_WORK ORDER_: Only one span of the listing below should come back. It runs from the line with "Газовая варочная панель" through the line with "NIKE KYRIE FLYTRAP 5 WHITE FIRE RED", and each of its lines must be reproduced exactly.

_LISTED RECORDS_:

☆ ☆ ☆ ☆ ☆

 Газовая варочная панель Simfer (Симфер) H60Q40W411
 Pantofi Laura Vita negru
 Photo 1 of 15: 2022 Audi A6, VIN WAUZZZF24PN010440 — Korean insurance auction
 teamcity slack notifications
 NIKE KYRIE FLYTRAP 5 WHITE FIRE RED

☆ ☆ ☆ ☆ ☆

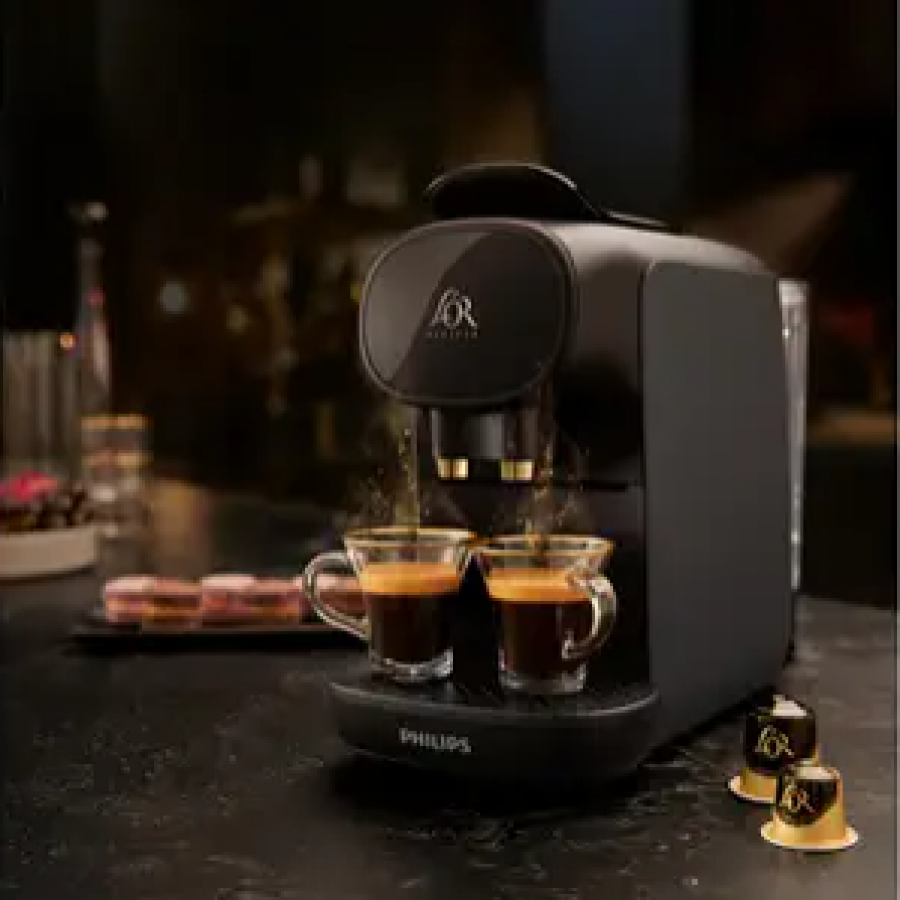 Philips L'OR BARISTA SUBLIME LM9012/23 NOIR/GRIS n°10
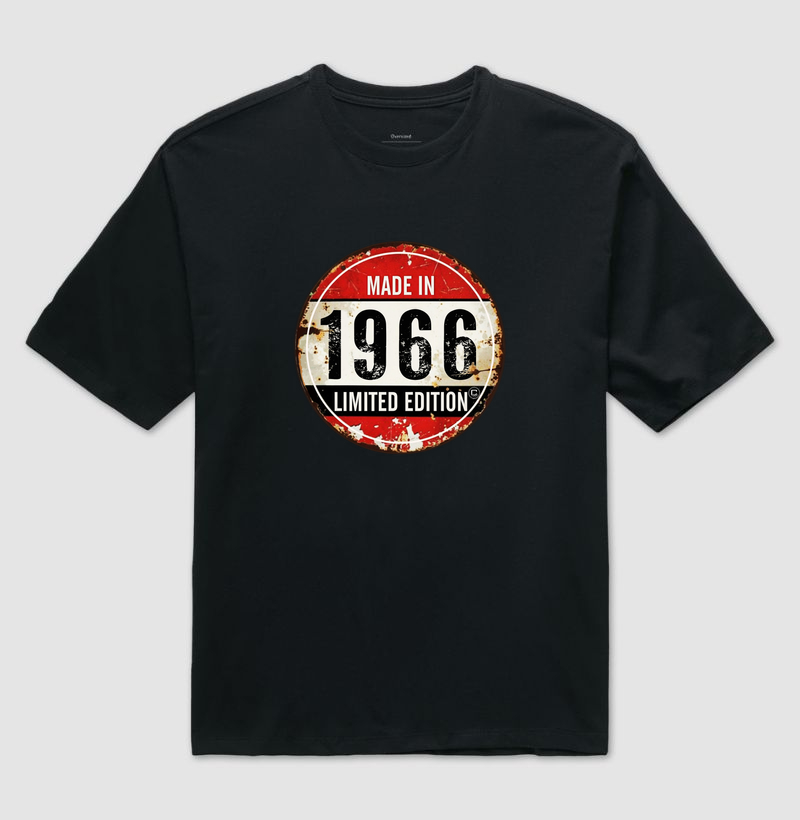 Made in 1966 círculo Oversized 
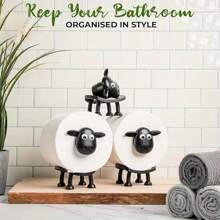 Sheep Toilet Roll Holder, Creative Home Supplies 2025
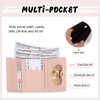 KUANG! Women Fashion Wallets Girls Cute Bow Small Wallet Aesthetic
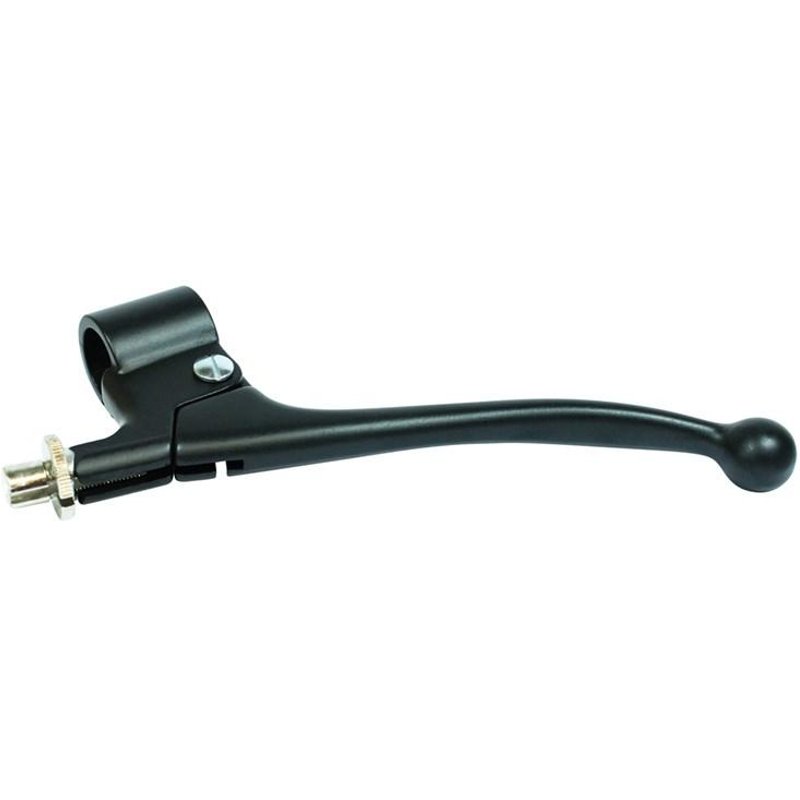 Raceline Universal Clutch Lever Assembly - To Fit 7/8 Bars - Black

☆ ☆ ☆ ☆ ☆

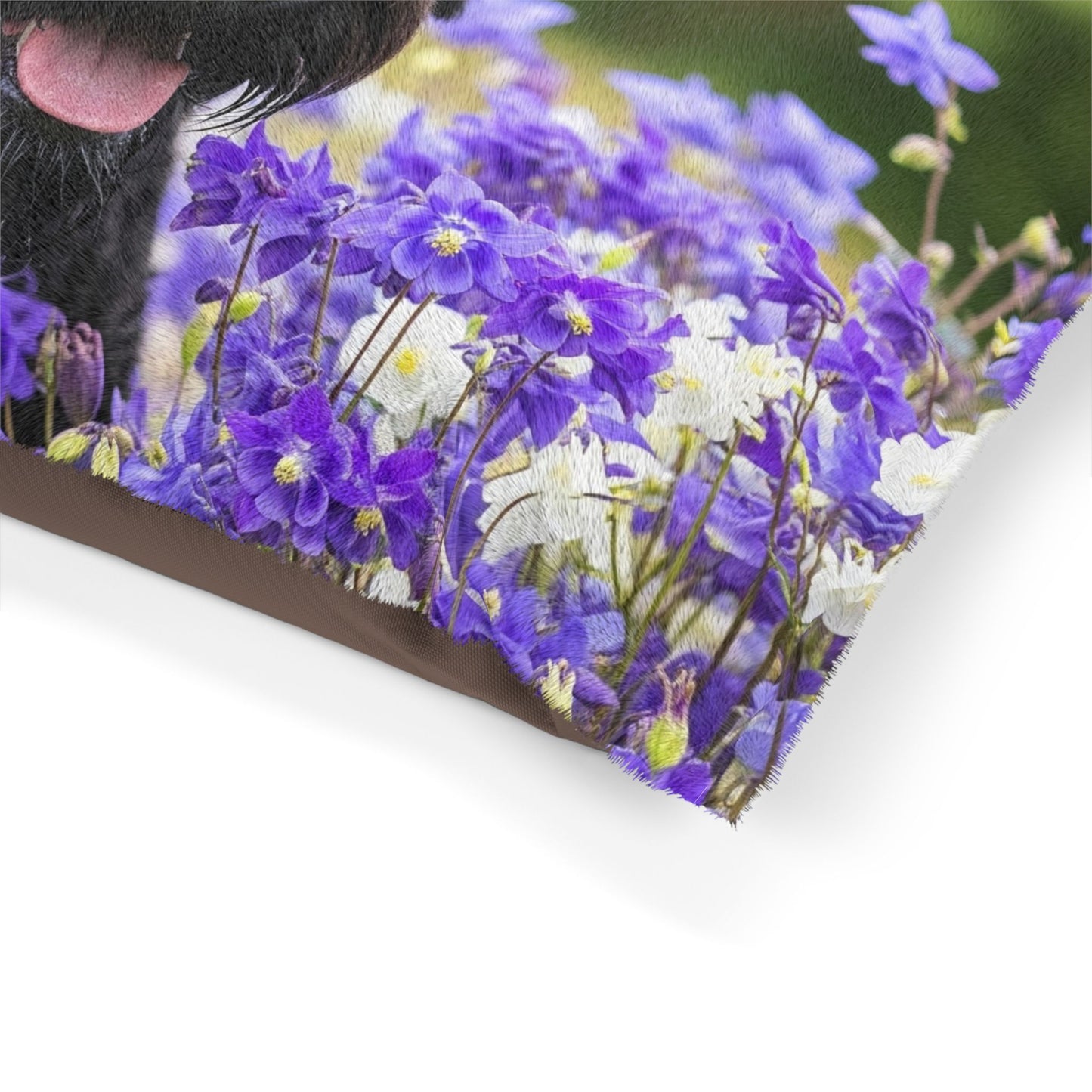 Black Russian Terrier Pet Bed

☆ ☆ ☆ ☆ ☆

_SOLUTION_:
 Газовая варочная панель Simfer (Симфер) H60Q40W411
 Pantofi Laura Vita negru
 Photo 1 of 15: 2022 Audi A6, VIN WAUZZZF24PN010440 — Korean insurance auction
 teamcity slack notifications
 NIKE KYRIE FLYTRAP 5 WHITE FIRE RED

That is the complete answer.